The former President’s potential restoration to the platform is not the only threat that comes from Musk’s buyout of Twitter: serious concerns about worker’s rights and their general well being as well must be raised. Musk has what many would describe as an exceptionally poor track record on worker’s rights, having opposed the lockdowns in California that protected the labour force due to it shutting down his Tesla gigafactories as COVID-19 raged on, an alleged culture of racism directed towards people of colour in the workplace, mass lay-offs in the past and union-busting efforts routinely plaguing Tesla in addition to questions being raised in the past over the ethics of sourcing cobalt for Tesla batteries in relation to child labour and modern-day slavery in the Democratic Republic of Congo. With the board of directors at Twitter already seeing massive changes and the chaos of rumours that up to 75% of Twitter’s staff were to be laid off by the South African billionaire’s latest acquisition, many workers at Twitter fear for their futures at the company in a time of incredible economic instability and rising cost of living, from gas to rent to food in a time where the threat of joining the reserve army of labour would almost certainly mean misery. We should thus be alert and highly concerned for the wellbeing and rights of employees at Twitter and what the acquisition by Musk means for them, as the potential for his oversight to adversely affect the platform (whether it be from lack of staff numbers or a demoralised and heavily exploited workforce) is immense. 

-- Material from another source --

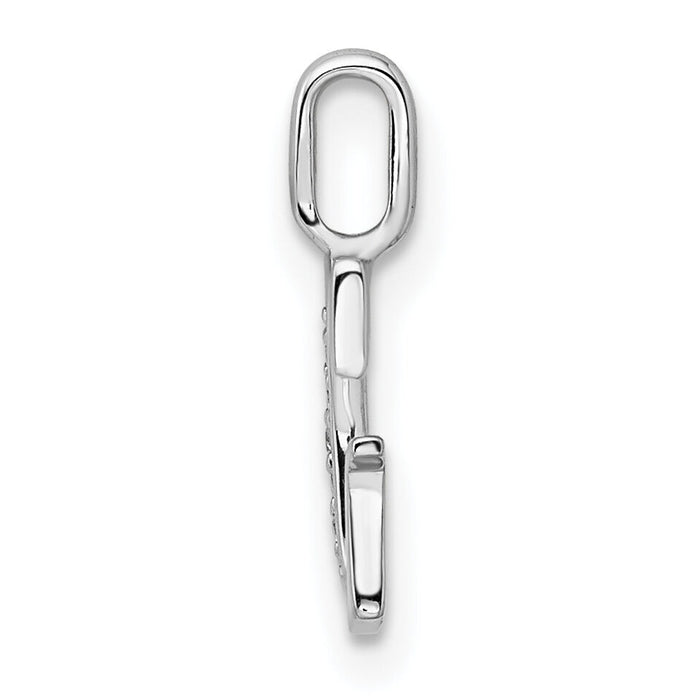 14K White Gold Diamond Letter G Initial Pendant-PM8365G-003-WA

Finally, Musk’s erratic and at times aggressive presence on social media himself raises the ultimate question of a potential authoritarian streak on the platform of a new kind. Musk’s history regarding critics and his misuse of social media is full of red flags indicating a potential crackdown on those who are not fans of him as well as a more general pro-business authoritarianism, from laying off employees critical of him and referring to British diver Vernon Usworth (who rescued 12 Thai children trapped in a cave) as ‘pedo guy’ in 2018 after he called out Musk’s own efforts to rescue them with a submarine as a “PR stunt”, to him tweeting out in support of the US-backed far-right coup in Bolivia (a country that coincidentally has large lithium reserves that were nationalised prior to the coup) against Evo Morales’ popular ecosocialist government in 2019, saying ‘We will coup whoever we want! Deal with it.”. Despite Musk’s efforts to paint himself as a champion of free speech and liberty, these events display him to be anything but this: a man who is willing to support imperialist meddling in the affairs of democratic sovereign nations and lashes out at those who criticise him could potentially translate these tendencies into how Twitter operates, potentially spelling doom for trade unionists, socialists and critics of him and his actions in general. If his hot-headedness and aggression towards those who speak ill of him is anything to go by, we should be worried about the freedom of speech on Twitter, namely the freedom to criticise Musk and industrialists like him.

All of these signs and concerns point to a potential future for the platform and socio-political discourse that looks bleak: one where trouble-makers like President Trump can once again unleash chaos in American politics with the tap of an icon; one where hate speech can fester more openly; one where the quality of the platform is reduced due to poorer working conditions for Twitter employees and where criticism of the platform’s ownership can get you placed in ‘Twitter jail’ indefinitely. However, this problem does not stop at Twitter and Musk alone, but rather with the notion that such sweeping changes to platforms that we depend upon to stay connected with one another all because of one’s purchasing power is normal and acceptable. In a world where money is king and one’s command of their wallet can determine who moderates the global conversation, the implications for democracy and discourse as a whole should terrify us all.